Tiny Rwanda is called the land of a thousand hills because of its verdant, rolling countryside of strikingly fertile farmland. It is a land of beauty and unrelenting order. But unlike its much larger neighbor Congo, it is not endowed with any mineral wealth to speak of. Yet Rwanda’s economy depends on the exploitation of Congolese resources.
Through mafialike networks reportedly run by the Rwandan Army and the RPF, huge quantities of Congo’s minerals are siphoned out of the country, experts say.
As early as 2000, Rwanda was believed to be making $80 million to $100 million annually from Congolese coltan alone, roughly the equivalent of the entire defense budget, according to Reyntjens, the Belgian expert.
Pillaging the Congo obscures Rwanda’s giant military budget from foreign donors who provide as much as 50 percent of the country’s budget every year. It also provides a rich source of income to the urban elites, especially returnees from Uganda, who form the regime’s core.
“After the first Congo war, money began coming in through military channels and never entered the coffers of the Rwandan state,” says Rudasingwa, Kagame’s former lieutenant. “It is RPF money, and Kagame is the only one who knows how much money it is—or how it is spent. In meetings it was often said, ‘For Rwanda to be strong, Congo must be weak, and the Congolese must be divided.’”
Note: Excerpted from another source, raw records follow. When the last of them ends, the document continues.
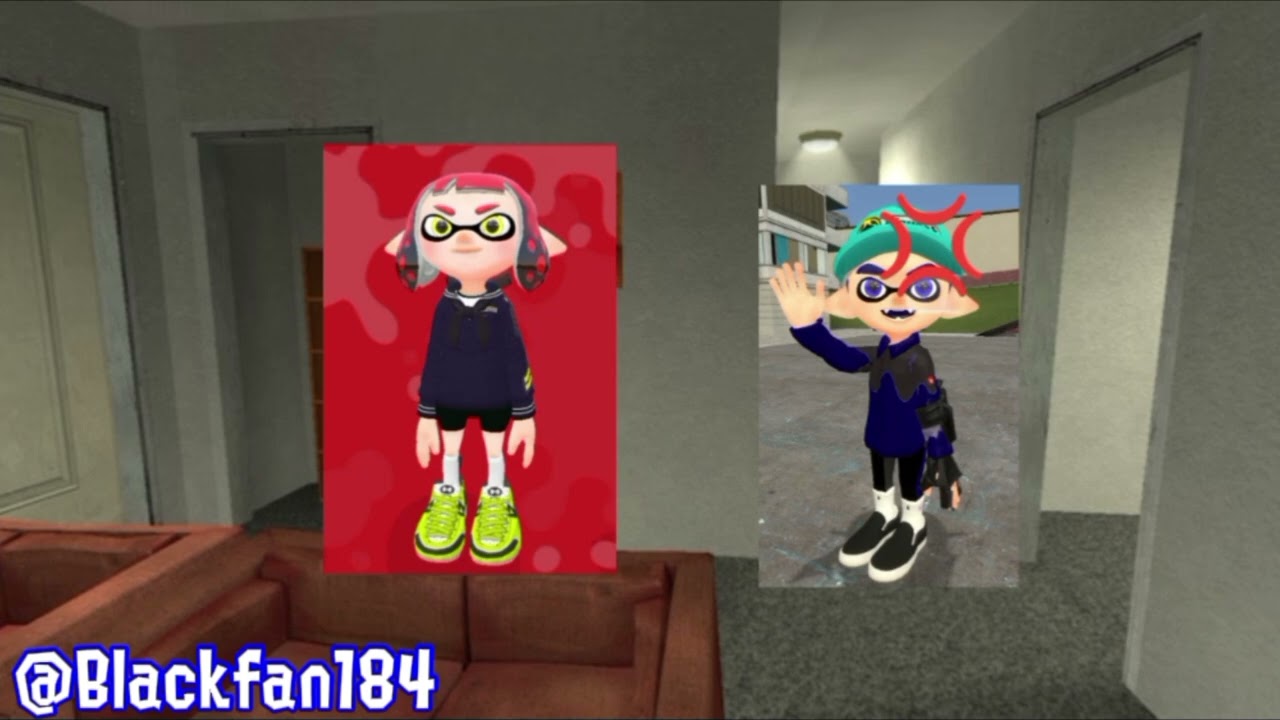 Vanna interrupted my Video [Gmod Splatoon Meme]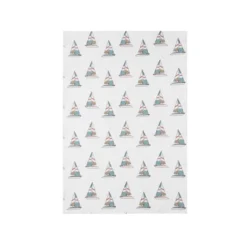 C&F Home Sail Boats Towel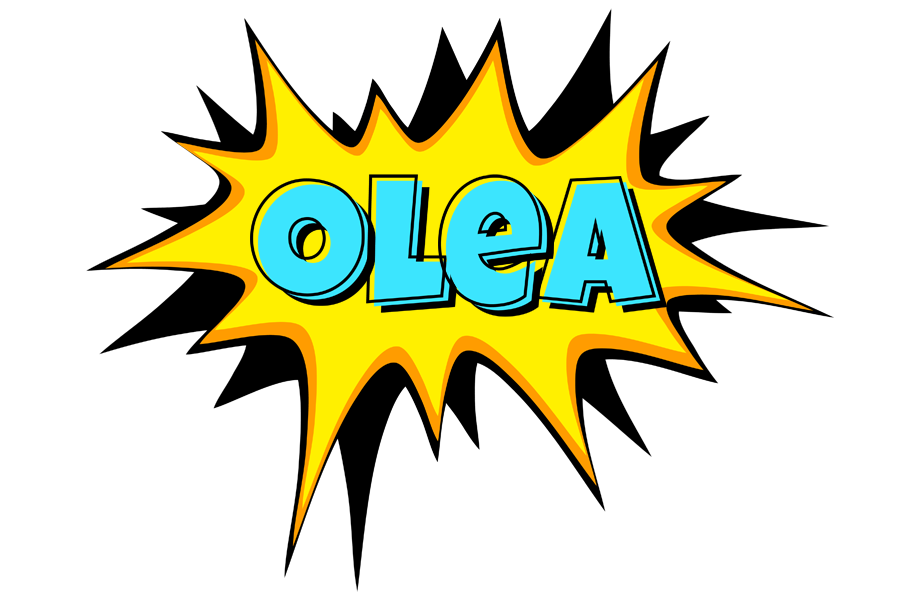 Olea indycar logo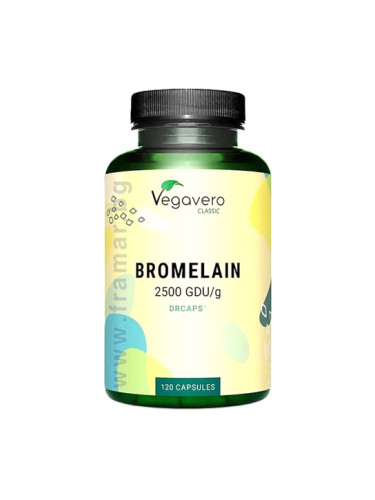 ВЕГАВЕРО БРОМЕЛАИН капсули * 120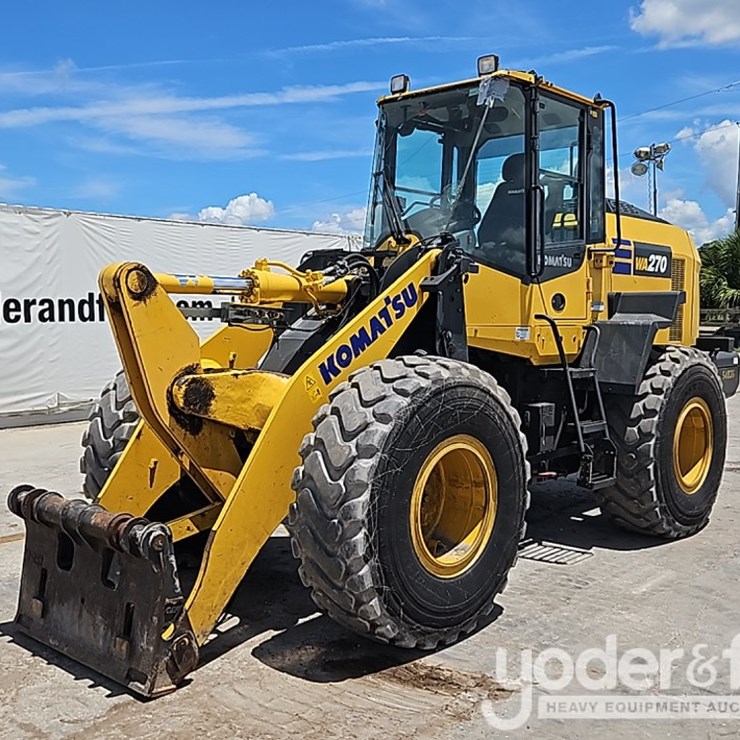 2021 KOMATSU WA270-8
Congo looms large in the story of Kagame in other ways as well. For years Rwandan government forces and their proxies have operated in Congo. Twice Rwanda has invaded the country outright, in September 1996, when with U.S. acquiescence it successfully waged war to overthrow Mobutu Sese Seko, and again beginning in August 1998, when it mounted a repeat operation to depose Laurent-Désiré Kabila. This second operation, to replace the very man Kagame installed to replace Mobutu, ended in failure but established a pattern of intervention and meddling aimed at undermining its much larger neighbor. The ensuing war, involving several African nations, is believed to have cost the lives of 5 million people.
As early as 1997, the U.N. estimated that Rwandan forces had caused the deaths of 200,000 Hutus in Congo; Prunier, the French expert, has since estimated that the toll is closer to 300,000. According to the U.N. report, these deaths could not be attributed to the hazards of war or to collateral damage. “The majority of the victims were children, women, elderly people and the sick, who were often undernourished and posed no threat to the attacking forces.” The report concluded that the systematic and widespread attacks, “if proven before a competent court, could be characterized as crimes of genocide.”
Two years ago, Kagame delivered a lecture in London on “The Challenges of Nation-Building in Africa: The Case of Rwanda.” When confronted with a U.N. report that was then making headlines with the suggestion that his forces had committed genocide in Congo, he dismissed such allegations as “baseless” and “absurd.” Clearly he was keener to talk about economic indicators and repeat the oft-told success story of his country.
But even that is a truth with modification. Social inequality in Rwanda is high and rising, experts say. Despite an average annual growth rate of about 5 percent since 2005, poverty is soaring in the countryside, where few Western journalists report without official escort.
“The rural sector has suffered enormous extraction under the post-genocide government, far more than what had happened before,” said one longtime researcher who spoke on the condition of anonymity. “There is a real increase in misery. When you speak of Rwanda as a volcano, that’s what’s involved.”
Will Rwanda explode again? The big, looming issue is whether Kagame will leave office in 2017, as the Constitution calls for. With so much to answer for, few expect a straightforward exit.